Blathers the LeRant:
Human rights commissions are a relatively new creation, formed in the 1960s and 1970s for political reasons, not legal reasons. The main issues that these commissions were created to address -- such as racial discrimination in rental housing and employment -- were already covered by established landlord and tenant law, as well as labour and employment law. The commissions were supposed to be an informal, sympathetic forum for vulnerable people who needed extra help; and commissions were limited to dispensing a few thousand dollars.
No, Ezra, you are completely wrong in that regard. The legislation that substantiates the Human Rights Commissions in Canada are mysteriously called "Human Rights Legislation". Discrimination can take many forms, and some of them can be quite subtle and insidious, others are more blatant.
The most common cases seem to be employees quitting over squabbles with other staff -- a female backhoe operator claimed her rights as a woman were violated for being called "honey" and other locker-room talk on a construction site
That backhoe operator has a name, and her coworkers should be using it out of basic decency. Names like "honey" have their place and purpose, but it's not in the workplace. In the workplace, it is condescending, crude and inappropriate...even if the person uttering it is married to the other. Using a name like that in a workplace of that nature can set the stage for dehumanizing the individual whom it is directed at. Sorry Ezra, that's an amazingly bad example.
Sure enough, Ezra has to wade into the Boissoin issue:
The commission's one-woman panel--a divorce lawyer with no expertise in constitutional rights -- ruled that "the publication's exposure of homosexuals to hatred and contempt trumps the freedom of speech afforded in the Charter." That was it: Freedom of speech, and of the press, and religion, all of which are called "fundamental freedoms" in our Constitution, now come second to the newly discovered right of a thin-skinned bystander not to be offended.
Sorry Ezra, but it's pretty clear that Ms. Andreachuk knows what she was talking about. She grounded her opinion quite nicely in precedent and reasoning. I'm appalled that a man who is supposedly a lawyer himself is so crude as to attempt to challenge her credentials simply because she came to a conclusion that Mr. Levant doesn't like.
The Oakes Test was named after David Oakes, a man charged with trafficking of hash oil, who beat the rap using the Charter. Accused drug dealers get the benefit of the Constitution, but not accused pastors.

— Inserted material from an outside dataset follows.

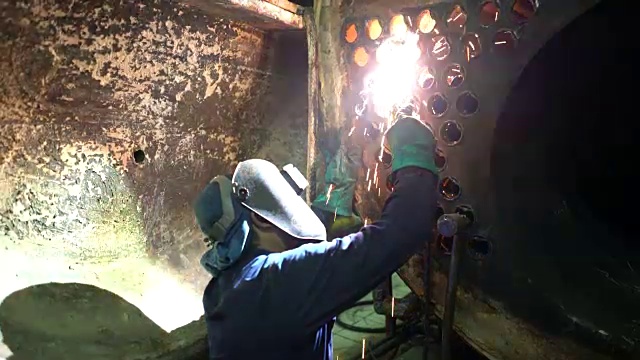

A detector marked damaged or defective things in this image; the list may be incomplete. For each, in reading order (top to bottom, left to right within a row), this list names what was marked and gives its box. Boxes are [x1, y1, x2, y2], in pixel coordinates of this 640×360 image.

corroded metal wall [0, 0, 308, 358]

Again, like Mr. Hannaford, Levant makes a gross mischaracterization of the situation regarding Boissoin. The AHRC ruling on Boissoin is quite clear why Boissoin's "letter" steps over a reasonable line. (Declarations of war always go so well, don't they?)
Mr. Hannaford I expect more from - Ezra simply keeps demonstrating to us that he's an utter loon. At least the Sun has had the relative smarts to quit publishing his tirades in the weeks since he blamed a tragic accident on someone wearing what he thought was a hijab - apparently the National Post's editors haven't heard why Ezra's tirades don't deserve the time of day in print.